A 5-judge Constitution bench headed by Chief Justice Ranjan Gogoi was told by senior advocate Rajeev Dhavan, appearing for Sunni Waqf Board and others including original litigant M Siddiq, that the birthplace cannot be a juristic entity and moreover, it has been made a party in 1989 to ensure that no law applies to it and other claimants are "knocked off".
"If it was idol only, then this case could have been resolved much more easily. But, if it is Janmbhoomi, then it means all hands should be off the place including that of this court. There can be no legal remedy," he told the bench, also comprising justices S A Bobde, D Y Chandrachud, Ashok Bhushan and S A Nazeer.
On the 24th day of the day-to-day hearing in the politically sensitive case, the top court took note of Dhavan's submission on making "corporeal" property also a party.
"This problem would have arisen of they (the next friend of the deity and others) would have filed the (law) suit only in the name of 'janmsthan'. But they have also made the deity as the first plaintiff," the bench said.
Dhavan responded by saying that the place as a party and as a deity has created all the problems.
Neither the Limitation Law, nor the doctrine of adverse possession nor the acquisition of land would apply on the land as it has the status of the deity on account of Hindu belief, he said.
The bench then asked Dhavan about the difference of legal status of an idol with that of the place recognised as an idol.
The senior lawyer said that the idols, through its 'shebait' (devotee), can sue and be sued and all the legal principles would apply.
"As far as Ram Janmbhoomni as a party is concerned, it is linked with two things, one is belief and the second is the recognition of the area as a deity to establish its distinctiveness and the consequence of this would be that the area will become legally impregnable," he said.
If the concept that place is the deity is believed then neither Babur nor Britishers could become the owner of the land.
He also countered with the submissions of the Hindu party that there was no such concept that "once a mosque, always a mosque".
The submission that except the mosques at Mecca and Madina, other such mosques are not integral to Islamic faith was wrong and would violate the fundamental right to practice religions under Article 25 of the Constitution, he said.
There cannot be discrimination between "Indic religions" and other religions which have come from outside, he said, adding that it would be wrong to say that besides Jerusalem and Vatican, no other churches are integral to the faith for Christians.
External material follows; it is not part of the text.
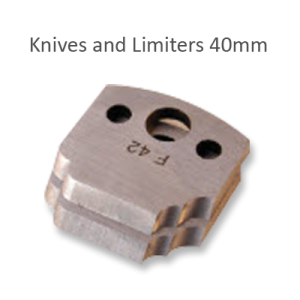 Universal Knives and Limiters 40mm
At the outset, Dhavan referred to the pleadings of the lawsuit of the deity and said it was filed in 1989 in contrast of the fact that Nirmohi Akahara had first moved the court in 1885.
The 'Ram Janmbhoomi Nyas' was set up by the 'Vishwa Hindu Parishad' to create a new temple and All India Hindu Mahasabha was also made a trustee and the deity and others filed the lawsuit to just oust 'Nirmohi Akahara', he said.
No averments have been made by in the lawsuit with regard to misappropriation of the disputed property by others, he said.
The lawsuit of the deity, filed through the next friend Deoki Nand Agrawal, could not file the case till the time Akahara was there as 'Shebait', he said.
The plea that Lord Ram has the unimpeachable authority cannot pass the civil test and the Akahara can be ousted only if it act against the interest of the deity, he said.
The bench asked Dhavan as to when the place as the deity could have made a party.
"They could have done so in 1885 and not in 1989," he said, adding that the idol worship was being carried out since 1885 at 'Ram Chabutara' in the outer courtyard and later it was placed inside the inner courtyard in 1949.
He also opposed the contents of the SLP filed on behalf of the deity in which divinity of the Hindu God Lord Ram has been discussed.
"I have never seen such type of divine invocation in any special leave petition (SLP)," he said.
Dhavan would resume advancing arguments on Tuesday.
The Allahabad High Court, in its judgment of 2010 on four civil lawsuits, had partitioned the 2.77-acre disputed land equally among Sunni Waqf Board, Nirmohi Akhara and Ram Lalla.
Fourteen appeals have been filed in the Supreme Court against the verdict.